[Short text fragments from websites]

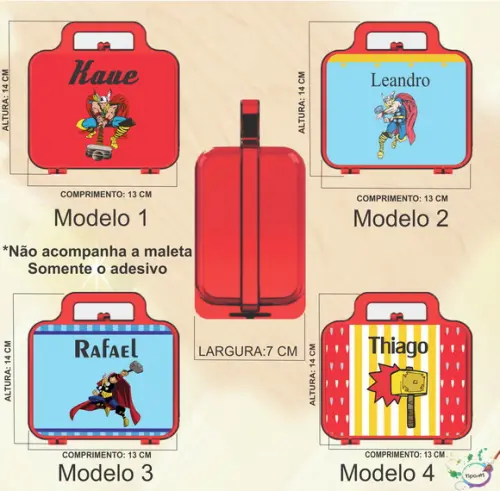 Adesivo para Maletinha-thor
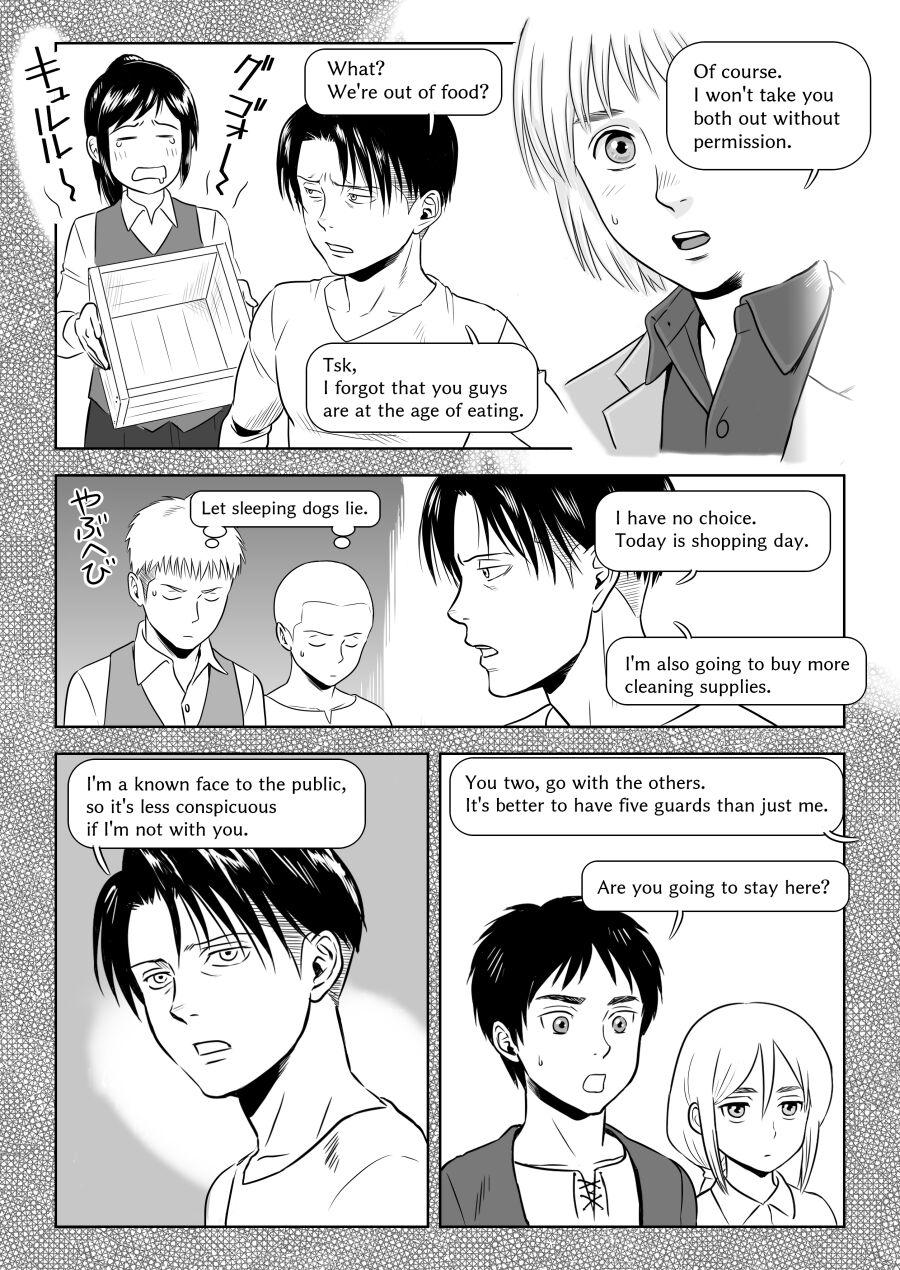Public Fuck Heichou, Message ga Arimasu! Vol.1 | Cap, I have a message for you. Vol. 1 - Shingeki no kyojin Submissive - Page 8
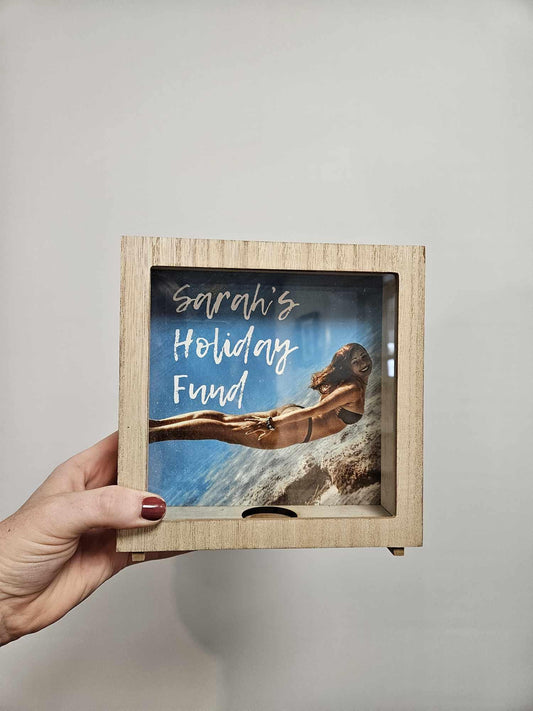 Personalised Money Bank BoxPhoto GiftsBoho Photo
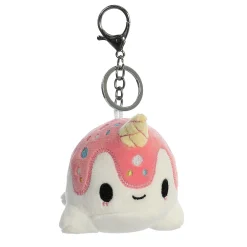 Aurora® - Tasty Peach® - 4" Vanilla-Berry Nomwhal Keychain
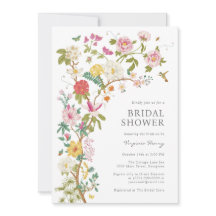 Vintage Brautdusche Einladung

WORK REQUEST:
Would you write out all of the data exactly as it stands, without the pictures?

RESPONSE TO THIS TASK:
 Adesivo para Maletinha-thor
Public Fuck Heichou, Message ga Arimasu! Vol.1 | Cap, I have a message for you. Vol. 1 - Shingeki no kyojin Submissive - Page 8
 Personalised Money Bank BoxPhoto GiftsBoho Photo
 Aurora® - Tasty Peach® - 4" Vanilla-Berry Nomwhal Keychain
 Vintage Brautdusche Einladung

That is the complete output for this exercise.